Wann wird von einem Motorschaden gesprochen?

Wann wird von einem Motorschaden gesprochen?

Von einem Motorschaden wird gesprochen, wenn der Motor in seiner Funktion (das Fahrzeug anzutreiben) eingeschränkt ist oder diese nicht mehr erfüllt. Hier sind verschiedene Faktoren als Ursache möglich. Unterschieden wird zwischen Schäden die unmittelbar am Motor oder dessen Bestandteilen auftreten und Schäden, welche durch fehlerhafte Komponenten verursacht werden.

GetriebeWährend des Betriebs treten in dem Verbrennungsmotor hohe thermische und mechanische Belastungen auf. Dabei kann es passieren, dass die Schmierung von beweglichen Teilen nur noch unzureichend erfolgt.
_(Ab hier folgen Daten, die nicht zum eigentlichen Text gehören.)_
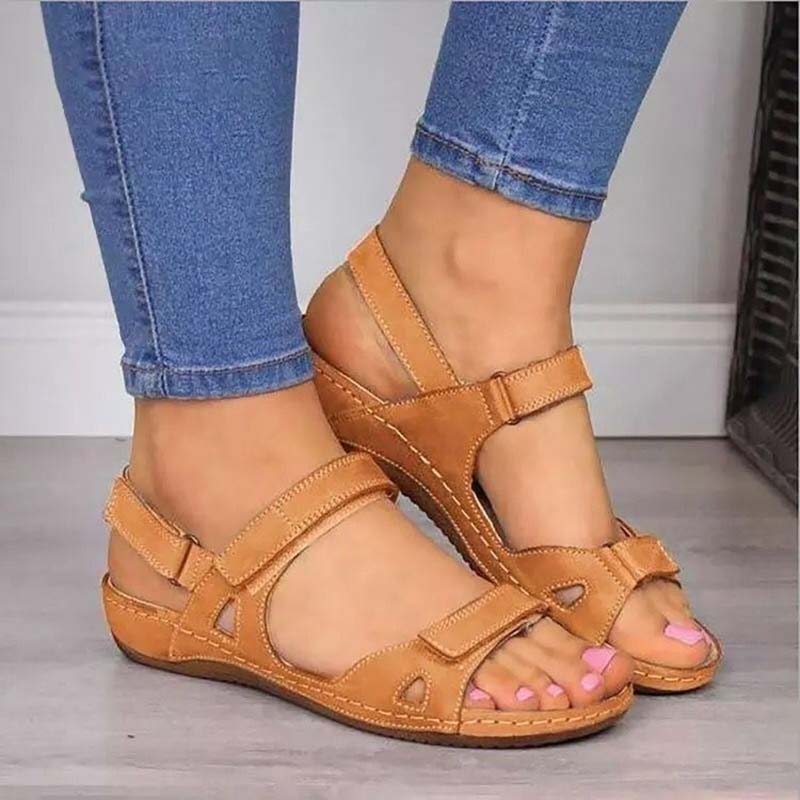 Flate uformelle sandaler med borrelås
Folglich kommt es zu einer erhöhten Reibung, welche wiederum zu vermehrten Antrieb und höheren Betriebstemperaturen führt. Diese Belastungen führen zu Schäden an Ventilen, Lagern und Kolbenringen, wobei der Motor an Leistung verliert und nach einiger Zeit überhaupt nicht mehr funktioniert. Ein Motorschaden erfordert hohe Instandsetzungskosten, die sich jedoch oft nur bei hochwertigen Motoren lohnen. Oftmals ist der Austausch des Motors günstiger.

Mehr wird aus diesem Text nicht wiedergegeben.